How wide should my histogram bins be? What’s the best rule to follow?

There are no rules! See this FAQ post from week 1 for more.

What’s the right/best/most appropriate/clearest way to communicate uncertainty?

Lots of you asked this! Should you use boxplots? Density plots? Violin plots (nope! see below!)? Histograms? Something else? What’s the best way to visualize this stuff?

There are no right answers! It all depends on the data you have, the story you’re telling, and your audience. There’s no flowchart to follow to choose the best kind of plot for any of this.

Am I telling R what to do with my code, or is it telling me what to do? Who’s in charge? Why isn’t it listening?!

This can be frustrating! You’ll type some code, thinking that it’s what you need to write to make a plot, and then nothing works.

Computers are incredibly literal and they cannot read your mind!

As humans we’re good at figuring out information when data is missing or distorted—if someone sends you a text saying that they’re “running 5 minutes latte”, you know that they’re not running with some weird time-based coffee but are instead running late. Computers can’t figure that out and they’d think you’re talking about a literal latte.

For example, in Exercise 5, you made a plot that shows the county of cheese types across country and animal milk types. You might try doing something like this, but it won’t work:

ggplot(
  cheeses_milk_country,
  aes(x = Total, y = Country, fill = "Animal type")
) +
  geom_col()
#> Error in `geom_col()`:
#> ! Problem while computing aesthetics.
#> ℹ Error occurred in the 1st layer.
#> Caused by error:
#> ! object 'Total' not found

That won’t work because:

  1. There’s no column named Total. It’s total with a lowercase t.
  2. There’s no column maed Country. It’s country with a lowercase c.
  3. There’s no column named Animal type. It’s called milk. Also, "Animal type" is in quotes, so even if there was a column named that, it wouldn’t fill the bars by the different animal types—it would make them all the same color. It needs to be fill = milk.

In the end, it needs to look like this:

ggplot(
  cheeses_milk_country,
  aes(x = total, y = country, fill = milk)
) +
  geom_col()

In this case, you started by telling R what you wanted, but it was wrong, so R is (kind of) telling you what to do to fix it.

Again, R can’t read your mind, so it won’t give you a message like “You used Animal type, but based on your data it looks like you might want to use the milk column instead.” Computers aren’t that smart. All it tells you is that the column you told it to use doesn’t exist. It’s your job to fix it somehow.

R does try to be more helpful when it can, though!

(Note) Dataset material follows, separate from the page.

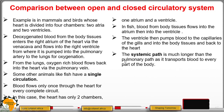The systemic path is much longer than the pulmonary path, as it transports blood to every part of the body. The systemic path supplies blood to all parts of the body, while the pulmonary path involves circulation only from the heart to the lungs and back to the heart.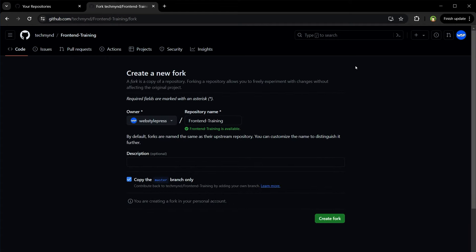So now GitHub is creating a copy of that repository in my account. I'll click create fork.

Like, let’s say you forget that you need to use + in between ggplot layers and you use a pipe (|>) instead (remember the difference here).

ggplot(
  cheeses_milk_country,
  aes(x = total, y = country, fill = milk)
) |>
  geom_col()

#> Error in `geom_col()`:
#> ! `mapping` must be created by `aes()`.
#> ✖ You've supplied a <ggplot2::ggplot> object.
#> ℹ Did you use `%>%` or `|>` instead of `+`?

R will give you a cryptic error, but it will also give you a helpful hint: “Did you use %>% or |> instead of +?” That’s R trying to work with you—switch the |> to a + and you should be good to go!

In the end, you’re in charge—you’re telling R what you want it to do. But you have to tell it in a way that it understands. It’ll try to help where possible, but you still need to learn how to talk to it.

Do I really need to make fancy custom themes for every plot? Aren’t theme_bw() or theme_gray() just fine?

The built in default themes like theme_gray(), theme_bw(), theme_minimal() and so on are generally well designed and work well and it’s totally fine and normal to just use those, or use them with a little bit of minor modification. You’ll rarely need to spend tons of time tinkering with {ggThemeAssist} to make a completely new theme for every plot you make.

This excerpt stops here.